Arabayı kullanırken az önce evine bıraktığı kadını düşünüyordu. Zümrüt yeşili gözleriyle yağmurun altında gökyüzünü izleyen kadının duruşu büyülemişti resmen kendini.
Toprak rengi elbisenin yağmur da ıslanarak koyulaşması ve üzerine yapışmasıyla belli olan vücut hatları o denli güçlü kazınmıştı ki hafızasına düşünmek istemese de gözlerinin önünden gitmiyordu görüntü.Arabasına binen kadının kendi mükemmelliğinin farkında olup olmadığını düşündü. Evine kadar gelmişken Arzum değil de bir başka kadın çıksaydı karşısına arabasına kesinlikle almaz, o kadar yol mesafesi yaparak evine bırakmayı teklif etmezdi.

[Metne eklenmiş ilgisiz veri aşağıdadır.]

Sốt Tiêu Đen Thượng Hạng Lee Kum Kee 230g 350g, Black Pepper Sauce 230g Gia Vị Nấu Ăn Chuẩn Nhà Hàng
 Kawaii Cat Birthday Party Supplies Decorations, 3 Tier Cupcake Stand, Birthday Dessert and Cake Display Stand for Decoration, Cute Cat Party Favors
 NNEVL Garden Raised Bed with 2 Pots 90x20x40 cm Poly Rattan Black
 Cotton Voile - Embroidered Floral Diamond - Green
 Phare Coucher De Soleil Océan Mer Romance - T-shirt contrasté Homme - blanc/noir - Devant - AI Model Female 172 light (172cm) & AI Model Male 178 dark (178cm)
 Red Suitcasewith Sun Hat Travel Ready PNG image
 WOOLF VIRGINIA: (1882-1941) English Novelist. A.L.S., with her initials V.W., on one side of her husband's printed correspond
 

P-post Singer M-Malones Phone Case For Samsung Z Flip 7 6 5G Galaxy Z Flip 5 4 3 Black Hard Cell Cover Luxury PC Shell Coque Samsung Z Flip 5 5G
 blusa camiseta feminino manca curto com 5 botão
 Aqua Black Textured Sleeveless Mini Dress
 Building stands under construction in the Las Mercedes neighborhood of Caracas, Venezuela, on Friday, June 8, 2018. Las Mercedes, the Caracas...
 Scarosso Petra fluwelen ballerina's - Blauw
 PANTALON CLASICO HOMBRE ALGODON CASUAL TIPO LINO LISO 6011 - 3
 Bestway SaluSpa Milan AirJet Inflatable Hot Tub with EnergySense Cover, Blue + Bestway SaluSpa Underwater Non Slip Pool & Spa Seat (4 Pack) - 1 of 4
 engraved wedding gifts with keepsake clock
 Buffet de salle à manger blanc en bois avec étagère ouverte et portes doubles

Arzum'un yoldaki çaresizliği ve kendisini son bir umut olarak görüp el kaldırdığı an geldi zihnine. İçinde beliren garip bir dürtü harekete geçti 'Ya ben değil başkası olsaydı yardımına koşan.' Başını olumsuz anlamda sallayarak düşünceleri kovmaya çalıştı. Ne oluyordu kendisine böyle, bu kadın aitlik duygusunu harekete geçiyordu. Yağmur altında tanrıçaya dönüşen kadının seksilik kokması ister istemez üzerinde etki bırakmıştı bu duyguya başka anlamlar yüklemek istemedi. Yine de ufak bir kız çocuğu gibi utangaçlığı mimiklerindeki zamansız hareketlenmeler kendinde şefkat duygusu uyandırmıştı. Sergide gördüğü kadının içindeki çocuğu da görmüştü. Çok çabuk sinirleniyor aynı çabuklukta seviniyor olmalıydı. Belki kötü şeyler yaşadığı için sürekli iyimserlik içindeydi. Yol boyunca davranışlarında ki gerginlikler gözünden kaçmamıştı.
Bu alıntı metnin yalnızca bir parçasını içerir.